* Assignment:
Check each line of the listing, and copy it if it contains the word "Queensland".

+++

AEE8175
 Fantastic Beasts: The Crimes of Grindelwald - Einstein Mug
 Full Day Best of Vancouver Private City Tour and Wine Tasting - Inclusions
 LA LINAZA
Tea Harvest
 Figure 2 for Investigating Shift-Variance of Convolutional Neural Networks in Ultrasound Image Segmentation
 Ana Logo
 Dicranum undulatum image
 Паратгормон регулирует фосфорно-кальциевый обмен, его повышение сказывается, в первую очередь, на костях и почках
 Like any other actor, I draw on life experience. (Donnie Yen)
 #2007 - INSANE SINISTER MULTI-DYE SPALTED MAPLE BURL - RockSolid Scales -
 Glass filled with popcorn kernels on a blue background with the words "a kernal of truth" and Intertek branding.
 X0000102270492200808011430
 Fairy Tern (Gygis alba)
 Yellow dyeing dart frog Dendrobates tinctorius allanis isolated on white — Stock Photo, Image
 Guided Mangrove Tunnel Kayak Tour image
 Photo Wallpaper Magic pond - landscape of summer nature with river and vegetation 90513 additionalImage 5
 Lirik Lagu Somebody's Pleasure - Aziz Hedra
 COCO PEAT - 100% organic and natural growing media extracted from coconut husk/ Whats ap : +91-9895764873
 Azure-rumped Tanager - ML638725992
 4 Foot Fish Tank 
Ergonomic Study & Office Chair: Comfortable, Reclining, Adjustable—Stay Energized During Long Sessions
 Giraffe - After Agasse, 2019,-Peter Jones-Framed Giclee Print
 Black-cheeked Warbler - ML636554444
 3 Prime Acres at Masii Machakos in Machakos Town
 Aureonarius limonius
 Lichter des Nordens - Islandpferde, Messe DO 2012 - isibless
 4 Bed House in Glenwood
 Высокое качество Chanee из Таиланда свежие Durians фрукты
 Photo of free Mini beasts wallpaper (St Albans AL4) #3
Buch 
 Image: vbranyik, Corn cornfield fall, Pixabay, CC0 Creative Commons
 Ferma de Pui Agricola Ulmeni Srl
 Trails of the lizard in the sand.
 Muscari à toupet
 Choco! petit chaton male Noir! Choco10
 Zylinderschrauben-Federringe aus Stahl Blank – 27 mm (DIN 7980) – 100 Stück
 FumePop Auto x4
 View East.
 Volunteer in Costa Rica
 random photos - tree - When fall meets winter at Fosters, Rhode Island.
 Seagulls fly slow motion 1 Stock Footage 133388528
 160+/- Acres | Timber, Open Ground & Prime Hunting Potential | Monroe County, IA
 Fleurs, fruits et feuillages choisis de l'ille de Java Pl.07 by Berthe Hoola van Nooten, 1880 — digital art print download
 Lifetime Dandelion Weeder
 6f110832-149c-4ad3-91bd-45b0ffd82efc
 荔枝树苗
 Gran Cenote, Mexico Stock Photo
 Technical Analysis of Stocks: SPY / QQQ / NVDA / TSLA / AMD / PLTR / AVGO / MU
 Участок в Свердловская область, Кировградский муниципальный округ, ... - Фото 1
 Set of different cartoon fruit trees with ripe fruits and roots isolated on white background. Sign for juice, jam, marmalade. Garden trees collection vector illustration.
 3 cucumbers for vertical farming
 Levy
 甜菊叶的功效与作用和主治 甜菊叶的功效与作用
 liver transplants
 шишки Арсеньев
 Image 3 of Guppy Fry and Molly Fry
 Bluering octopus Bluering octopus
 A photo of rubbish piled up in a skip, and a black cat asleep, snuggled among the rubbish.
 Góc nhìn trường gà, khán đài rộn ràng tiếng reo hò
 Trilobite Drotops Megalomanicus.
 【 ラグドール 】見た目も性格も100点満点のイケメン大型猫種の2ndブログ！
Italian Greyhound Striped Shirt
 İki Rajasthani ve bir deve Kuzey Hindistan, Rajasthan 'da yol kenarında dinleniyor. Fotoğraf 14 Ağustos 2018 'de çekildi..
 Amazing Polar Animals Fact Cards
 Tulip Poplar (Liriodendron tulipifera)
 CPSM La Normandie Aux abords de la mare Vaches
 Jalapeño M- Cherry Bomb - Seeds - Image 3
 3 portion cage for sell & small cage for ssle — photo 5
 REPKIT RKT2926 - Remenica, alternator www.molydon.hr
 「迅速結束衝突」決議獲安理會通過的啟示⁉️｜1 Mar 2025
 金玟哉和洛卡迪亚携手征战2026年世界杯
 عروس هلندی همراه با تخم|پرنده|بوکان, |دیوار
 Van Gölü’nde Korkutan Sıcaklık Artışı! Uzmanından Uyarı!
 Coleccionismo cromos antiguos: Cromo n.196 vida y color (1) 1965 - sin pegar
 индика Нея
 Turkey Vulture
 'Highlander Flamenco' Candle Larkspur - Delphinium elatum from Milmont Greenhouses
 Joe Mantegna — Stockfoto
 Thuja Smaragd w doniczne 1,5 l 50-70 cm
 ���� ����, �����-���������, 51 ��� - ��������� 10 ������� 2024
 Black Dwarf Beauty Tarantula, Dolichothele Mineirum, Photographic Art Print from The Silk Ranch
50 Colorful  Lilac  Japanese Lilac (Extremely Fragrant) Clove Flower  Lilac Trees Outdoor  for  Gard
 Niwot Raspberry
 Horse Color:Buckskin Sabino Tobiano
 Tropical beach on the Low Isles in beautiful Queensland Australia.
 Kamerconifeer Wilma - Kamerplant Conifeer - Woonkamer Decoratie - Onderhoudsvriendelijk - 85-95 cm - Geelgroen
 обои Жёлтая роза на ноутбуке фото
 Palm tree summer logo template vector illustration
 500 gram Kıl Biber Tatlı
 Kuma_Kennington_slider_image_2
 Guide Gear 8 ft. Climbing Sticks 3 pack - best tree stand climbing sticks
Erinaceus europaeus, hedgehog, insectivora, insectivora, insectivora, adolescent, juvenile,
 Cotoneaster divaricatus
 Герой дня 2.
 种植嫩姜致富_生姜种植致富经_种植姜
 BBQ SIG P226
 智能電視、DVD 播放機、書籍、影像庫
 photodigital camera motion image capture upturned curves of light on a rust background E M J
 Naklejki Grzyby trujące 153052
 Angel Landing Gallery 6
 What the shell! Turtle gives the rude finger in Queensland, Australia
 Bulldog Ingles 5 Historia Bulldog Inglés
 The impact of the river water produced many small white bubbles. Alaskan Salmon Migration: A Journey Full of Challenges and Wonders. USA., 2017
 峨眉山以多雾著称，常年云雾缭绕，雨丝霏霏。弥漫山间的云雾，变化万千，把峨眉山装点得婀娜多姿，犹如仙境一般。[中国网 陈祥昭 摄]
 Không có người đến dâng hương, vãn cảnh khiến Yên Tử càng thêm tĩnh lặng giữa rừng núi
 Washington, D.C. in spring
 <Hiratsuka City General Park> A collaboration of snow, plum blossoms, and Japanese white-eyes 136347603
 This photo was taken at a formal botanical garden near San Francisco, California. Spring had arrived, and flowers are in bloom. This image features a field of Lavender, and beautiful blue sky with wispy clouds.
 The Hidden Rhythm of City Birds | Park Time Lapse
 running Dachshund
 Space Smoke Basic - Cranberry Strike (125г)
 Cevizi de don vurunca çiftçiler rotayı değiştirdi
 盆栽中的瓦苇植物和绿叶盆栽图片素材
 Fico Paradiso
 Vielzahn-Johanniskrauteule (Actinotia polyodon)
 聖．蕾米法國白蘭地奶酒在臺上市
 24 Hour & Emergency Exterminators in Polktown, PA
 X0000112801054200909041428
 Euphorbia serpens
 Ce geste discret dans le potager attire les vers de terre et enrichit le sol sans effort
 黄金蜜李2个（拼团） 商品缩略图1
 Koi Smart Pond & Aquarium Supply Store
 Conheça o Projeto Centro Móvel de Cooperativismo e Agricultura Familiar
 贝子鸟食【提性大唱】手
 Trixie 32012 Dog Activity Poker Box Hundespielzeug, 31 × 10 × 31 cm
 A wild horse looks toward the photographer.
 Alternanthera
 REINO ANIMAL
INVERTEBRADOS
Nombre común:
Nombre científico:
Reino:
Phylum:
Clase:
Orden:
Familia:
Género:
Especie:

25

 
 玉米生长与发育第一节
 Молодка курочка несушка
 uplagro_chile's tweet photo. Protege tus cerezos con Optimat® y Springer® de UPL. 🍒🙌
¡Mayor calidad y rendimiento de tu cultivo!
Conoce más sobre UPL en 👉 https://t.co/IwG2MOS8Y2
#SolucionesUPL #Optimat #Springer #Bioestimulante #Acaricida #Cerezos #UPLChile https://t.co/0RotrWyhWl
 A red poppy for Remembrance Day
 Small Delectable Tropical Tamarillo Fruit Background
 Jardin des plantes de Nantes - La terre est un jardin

+++

* Response box:
 Tropical beach on the Low Isles in beautiful Queensland Australia.
 What the shell! Turtle gives the rude finger in Queensland, Australia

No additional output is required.